• **Description of the task**: Below are several entries. Transcribe exactly those lines that fall from the one with "Features include keyless" through the one with "Hubler Chevrolet is", end lines included.

• **Records shown**:
▬▬▬▬▬▬

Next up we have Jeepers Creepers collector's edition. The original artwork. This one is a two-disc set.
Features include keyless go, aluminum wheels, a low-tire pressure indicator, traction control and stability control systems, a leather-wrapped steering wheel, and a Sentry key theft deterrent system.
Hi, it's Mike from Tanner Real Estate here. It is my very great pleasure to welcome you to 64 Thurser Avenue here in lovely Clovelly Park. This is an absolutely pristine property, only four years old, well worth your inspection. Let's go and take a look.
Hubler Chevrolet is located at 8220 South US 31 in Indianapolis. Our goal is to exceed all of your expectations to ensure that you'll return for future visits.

▬▬▬▬▬▬

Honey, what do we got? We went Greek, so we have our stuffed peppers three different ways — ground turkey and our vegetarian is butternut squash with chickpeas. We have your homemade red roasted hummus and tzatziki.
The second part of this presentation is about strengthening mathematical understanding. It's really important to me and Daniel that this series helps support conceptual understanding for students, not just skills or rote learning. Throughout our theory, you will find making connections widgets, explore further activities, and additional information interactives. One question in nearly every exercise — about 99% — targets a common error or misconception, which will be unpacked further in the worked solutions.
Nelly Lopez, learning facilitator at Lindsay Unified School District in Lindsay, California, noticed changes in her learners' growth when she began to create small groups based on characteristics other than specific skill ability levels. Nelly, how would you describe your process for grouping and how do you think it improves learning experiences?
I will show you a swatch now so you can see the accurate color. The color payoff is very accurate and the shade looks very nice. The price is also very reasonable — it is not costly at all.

▬▬▬▬▬▬

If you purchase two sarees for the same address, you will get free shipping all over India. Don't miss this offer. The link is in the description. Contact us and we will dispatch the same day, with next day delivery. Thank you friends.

▬▬▬▬▬▬

• **Task solution**:
Features include keyless go, aluminum wheels, a low-tire pressure indicator, traction control and stability control systems, a leather-wrapped steering wheel, and a Sentry key theft deterrent system.
Hi, it's Mike from Tanner Real Estate here. It is my very great pleasure to welcome you to 64 Thurser Avenue here in lovely Clovelly Park. This is an absolutely pristine property, only four years old, well worth your inspection. Let's go and take a look.
Hubler Chevrolet is located at 8220 South US 31 in Indianapolis. Our goal is to exceed all of your expectations to ensure that you'll return for future visits.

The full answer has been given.